C'est un titre plutôt curieux que voilà, dédié à ces nouvelles de cette auteure slovène, Agata Tomažič. N'hésitez pas à aller lire cet article des Éditions Belleville, dans lequel cette dernière parle de son pays. Vous pourrez d'ailleurs y télécharger deux des nouvelles présentées le Balcon et Peu réjouissantes prévisions, le premier récit étant l'un de mes préférés du recueil. L'illustratrice est , vous pouvez retrouver également une Storytelling la concernant sur le site des Éditions Belleville. La première nouvelle le Roi Grenouille est au moins aussi curieuse et a toutes les allures d'un conte pour enfant. Elle reste pour moi la plus curieuse de tout le recueil. Mais, pour un peu que nous nous mettons à chercher un peu plus avant, on comprendra que la dimension allégorique de la métamorphose de cet homme en grenouille pour goûter à la joie de croasser librement dans le marais du coin, en révèlent beaucoup plus sur les influences, ou plutôt les sources d'inspiration de notre auteure issue de ce pays disparu, qui a implosé sous la pression de ses conflits ethniques.

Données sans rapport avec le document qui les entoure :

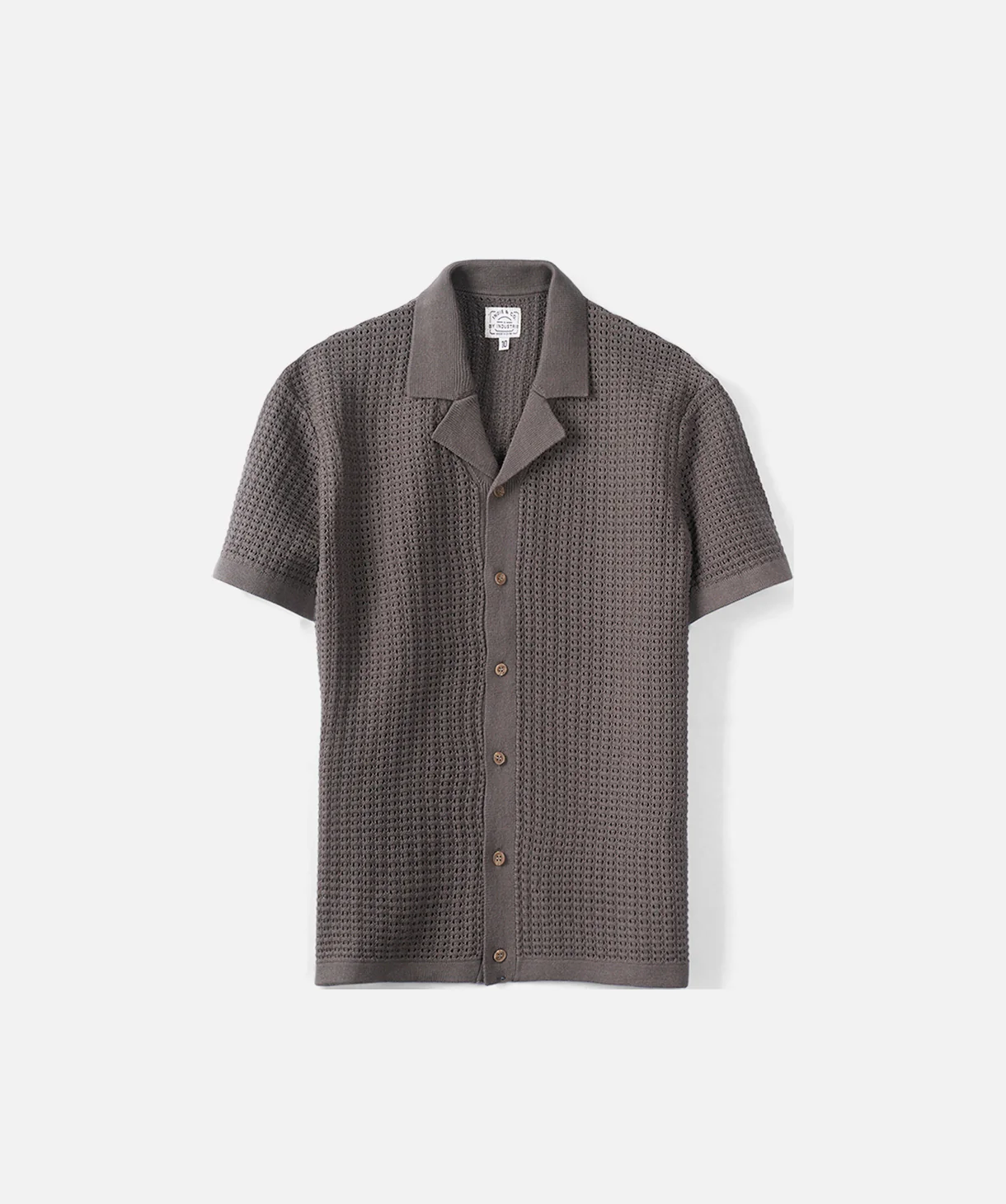 The Montage S/s Shirt - Bark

J'évoquais précédemment le terme de contes mais nous n'en sommes pas si loin. Des contes modernes, qui s'ancrent dans cette réalité fin de siècle, désenchantée, désabusée, et qui sont par conséquents le reflet d'une forte désillusion générale et individuelle de l'homme qui n'aspire plus qu'à retourner à l'innocence originelle animale. Agata Tomažič slovène dresse un constat d'échec clair et retentissant, pas de doute à avoir, mais tout son art est d'y avoir mis suffisamment les formes pour que la critique ne prenne pas le dessus sur ces drôles d'histoires, qui se lisent d'un trait. Au fur et à mesure des nouvelles, se dévoile ce besoin impérieux de ces non-héros, qui étouffent dans la place qui est la leur, et finissent par se libérer de ces liens qui les rattachent à une prison invisible. Histoires de libertés retrouvées, d'êtres qui trouvent le courage d'écouter (ou pas) cette voix intérieure qui les poussent à la révolte. Qui n'a pas de retour, évidemment.

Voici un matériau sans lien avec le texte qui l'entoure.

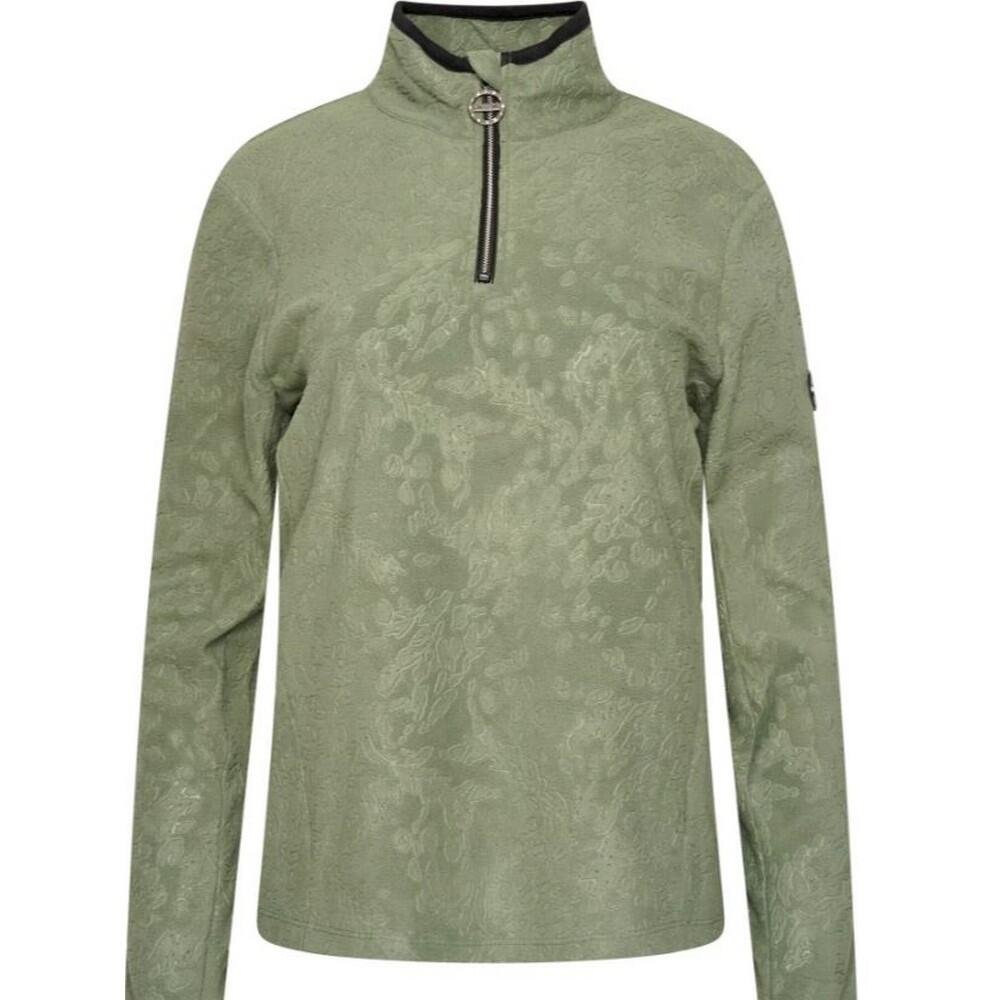 DARE 2B Womens/Ladies Half Zip LongSleeved Fleece Top (Duck Green)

Au sein même de cette toute nouvelle société slovène, Agata Tomažič dessine la femme et l'homme, chacun dans leur rôle, qui pèse quelquefois un peu trop lourd sur leurs épaules. Et dans quelques-unes de ces récits l'homme reste au centre des courts récits d'Agata, et il n'est pas épargné! Une fois n'est pas coutume, la femme n'est pas uniquement celle qui incarne la futilité et la légèreté, celle dont la moquerie ne fonctionne plus tellement le cliché a été usé par la plume d'autres écrivains. Ce n'est pas elle qui apparaît comme la potiche écervelée car elle a la malchance d'être coquette. C'est son congénère masculin, et les uns et les autres retrouvent un semblant d'égalité. L'auteure procède à une sorte de déconstruction de l'importance du rôle de l'homme dans la vie de la femme, à travers elle, la femme retrouve sa liberté et son indépendance, l'homme obstacle ou simple moyen pour la femme de s'émanciper d'un joug illicite, d'un parasitisme tellement encombrant. La nouvelle La pièce manquante met en face les deux femmes, épouse et maitresse, d'un homme, menteur et manipulateur. L'auteure ne dit jamais ce qu'il faut faire, elle ne fait que montrer et suggérer cette autre voie. La vie a tant d'autres choses à montrer, que l'attachement presque pathologique à un seul homme apparaît comme un handicap existentiel. J'ai beaucoup aimé lire les nouvelles d'Agata Tomažič, qui se sert de son engagement féministe pour fabriquer sa voix d'écrivain, ou peut -être est-ce l'inverse. Elle décortique les liens, je parlerais davantage de rapports de force, qui les unissent, met en relief les contradictions qui les régissent, invitant sa lectrice, et son lecteur aussi je l'espère, à réfléchir sur les rapports qui régissent hommes et femmes. le quotidien est finalement un matériau littéraire inusable, dérision dans la tragédie, sarcasme dans la gravité, d'autant plus si les rapports des deux sexes tendent à évoluer.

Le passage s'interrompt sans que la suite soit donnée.